City, golf course seek land deal

WESTFIELD – The Community Preservation Commission and the owners of the East Mountain Country Club agreed Thursday night that a conservation restriction on the 120-acre golf course will benefit the community, as well as the owners.
The Perez family is seeking $750,000 in compensation, money that would prevent residential or commercial development on the land, much of which overlies the Barnes Aquifer, in perpetuity.
Springfield Attorney William J. Murray presented the commission with a new appraisal of the land, both its value as a golf course and its value if sold for residential development. The present value of the golf course is about $1.5 million, while its value, if developed for residential use, is over $3.3. The delta between the two appraisals is almost $1.8 million and would usually be the value of the conservation restriction.

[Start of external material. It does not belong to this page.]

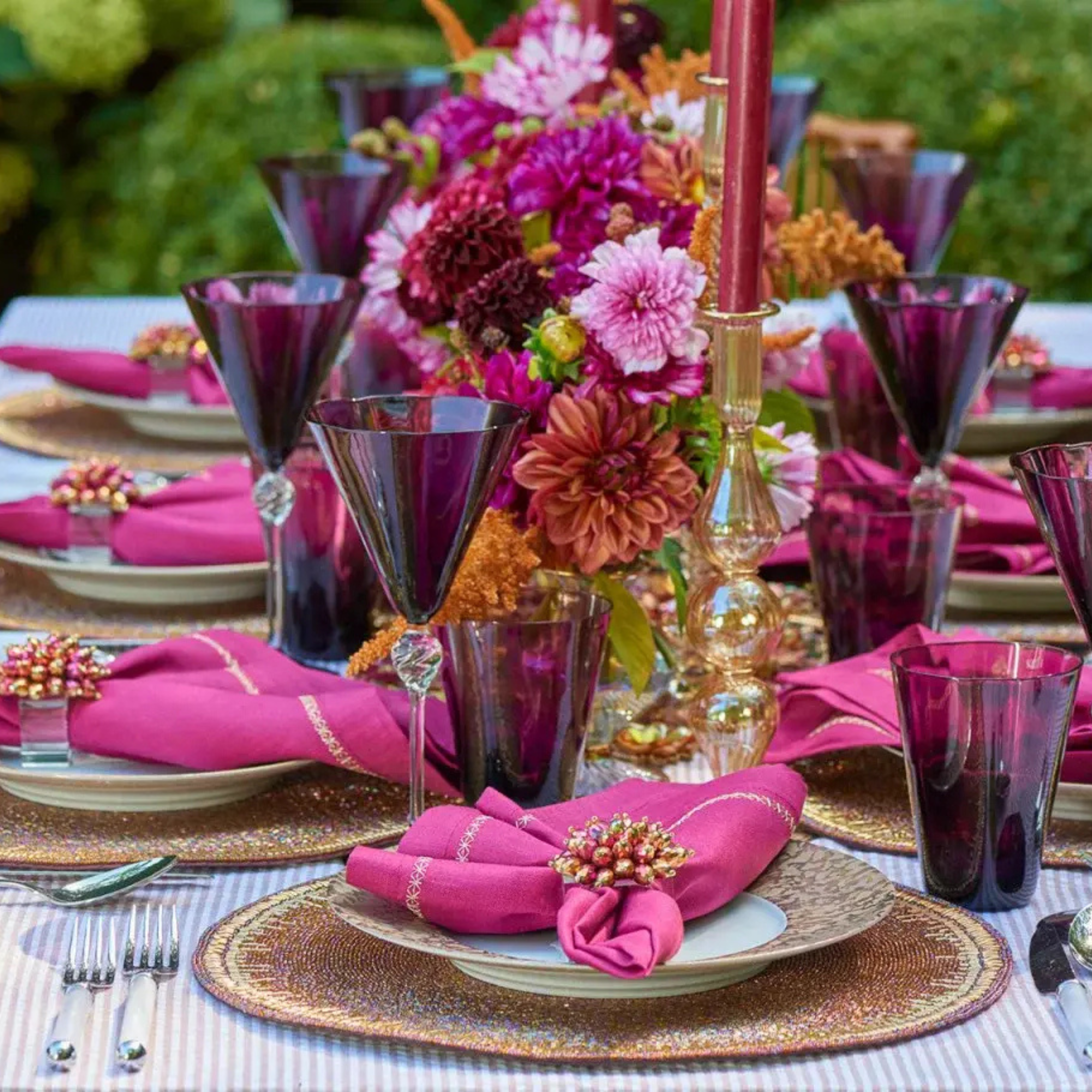 Daphne Wine Glass in Amethyst - Set of 4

However, Murray said the Perez family realizes that the city cannot afford to buy the conservation restriction at that cost and has amended that compensation to $750,000. Murray said the payment will allow the current generation of the family, Ted Jr., and Mark, to continue to operate the business until they are ready to retire and then sell the country club because the third generation of the family has no interest in a career in golf course management.
The conservation restriction, and its conditions, would permanently prevent any other use of the land, which is located a short distance from city drinking water wells, except as a golf course.
The commission endorsed the concept of purchasing the conservation restriction for $750,000, but shied away from committing its community preservation funds to the deal because it would drain funding being considered for other projects across the city, unless the $750,000 payment is phased or if the cost shared with other city departments or with the communities drawing water from the Barnes Aquifer.
City Planner Jay Vinskey said the commission cannot commit future funding to the project.
“You can’t spend money you don’t have yet,” Vinskey said.
The board also considered asking the Water Department to participate by seeking funding from the state to protect the water quality of the aquifer which serves four communities in the region.
“Water quality grants specifically prohibit funds from going to golf courses,” Vinskey said to the commission members.
Commissioner Bill Porter suggested the family close the course, which might qualify the site for other state and federal grant programs.
“Based on the current condition of the golf industry and that the value of the course may be relatively small, the family may want to consider if there was no golf course in operation, there may be other funds available,” Porter said.
Murray rejected that idea.
“If they can’t operate a golf course, they might just as well start building houses,” Murray said. “They want the golf course or they’ll sell the land.”
Commissioner George Martin suggested the three-year appropriation proposal, which Murray said might be a viable option if the city can work out a binding agreement to protect both the family and the city.
“If we can split (over several years) the funding, the project is worth doing,” Commission Chairman Joe Muto said. “We just don’t want to wipe out the account by making one large payment.”
Murray said the family would accept an approach that divides the course into three 40-acres sections with a separate conservation restriction for each.
“If the Committee wants to stretch out the payments over three years, we’ll find a way to do it,” Murray said.
However, Murray said, there is an additional cost to that approach in that there would have to be an appraisal for each segment of the course, a cost that the owners should not have to pay. The cost of the appraisal presented last night was $4,000, Murray said.
Vinskey said that the Community Preservation Law allows the commission to fund appraisals of property being evaluated for conservation restrictions.